The calculation of the equation of state of QCD at finite chemical potential and zero temperature

TL;DR

This paper presents a direct method to calculate the QCD equation of state at finite chemical potential and zero temperature, using Dyson-Schwinger equations and a meromorphic quark propagator, with potential applications to neutron star studies.

Contribution

The paper introduces an analytic expression for the QCD EOS at finite chemical potential and zero temperature based on Dyson-Schwinger equations and a meromorphic quark propagator, advancing previous approaches.

Findings

Derived full analytic EOS of QCD at finite μ and T=0.

Compared EOS with perturbative QCD results.

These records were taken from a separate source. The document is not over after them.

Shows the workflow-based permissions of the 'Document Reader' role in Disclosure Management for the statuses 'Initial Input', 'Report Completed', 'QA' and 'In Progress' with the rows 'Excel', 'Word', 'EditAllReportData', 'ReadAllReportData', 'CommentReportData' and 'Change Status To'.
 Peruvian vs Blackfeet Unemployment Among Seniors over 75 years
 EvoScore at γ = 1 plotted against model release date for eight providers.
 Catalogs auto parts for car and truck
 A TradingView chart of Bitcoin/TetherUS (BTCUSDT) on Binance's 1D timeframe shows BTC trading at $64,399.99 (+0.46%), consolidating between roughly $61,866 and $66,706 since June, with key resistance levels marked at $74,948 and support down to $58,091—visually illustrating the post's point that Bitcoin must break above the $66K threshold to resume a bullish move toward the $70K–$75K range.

Provided a new approach for neutron star research.

Abstract

In this paper, we give a direct method for calculating the partition function, and hence the equation of state (EOS) of Quantum Chromodynamics (QCD) at finite chemical potential and zero temperature. In the EOS derived in this paper the pressure density is the sum of two terms: the first term ${\cal P}(\mu)|_{\mu=0}$ (the pressure density at $\mu=0$) is a $\mu$-independent constant; the second term, which is totally determined by $G_R[\mu](p)$ (the renormalized dressed quark propagator at finite $\mu$), contains all the nontrivial $\mu$-dependence. By applying a general result in the rainbow-ladder approximation of the Dyson-Schwinger approach obtained in our previous study [Phys. Rev. {\bf C 71}, 015205 (2005)], $G_R[\mu](p)$ is calculated from the meromorphic quark propagator proposed in [Phys. Rev. {\bf D 70}, 014014 (2004)]. From this the full analytic expression of the EOS of QCD at finite $\mu$ and zero $T$ is obtained (apart from the constant term ${\cal P}(\mu)|_{\mu=0}$ which can in principle be calculated from the CJT effective action). A comparison between our EOS and the cold, perturbative EOS of QCD of Fraga, Pisarski and Schaffner-Bielich is made. It is expected that our EOS can provide a possible new approach for the study of neutron stars.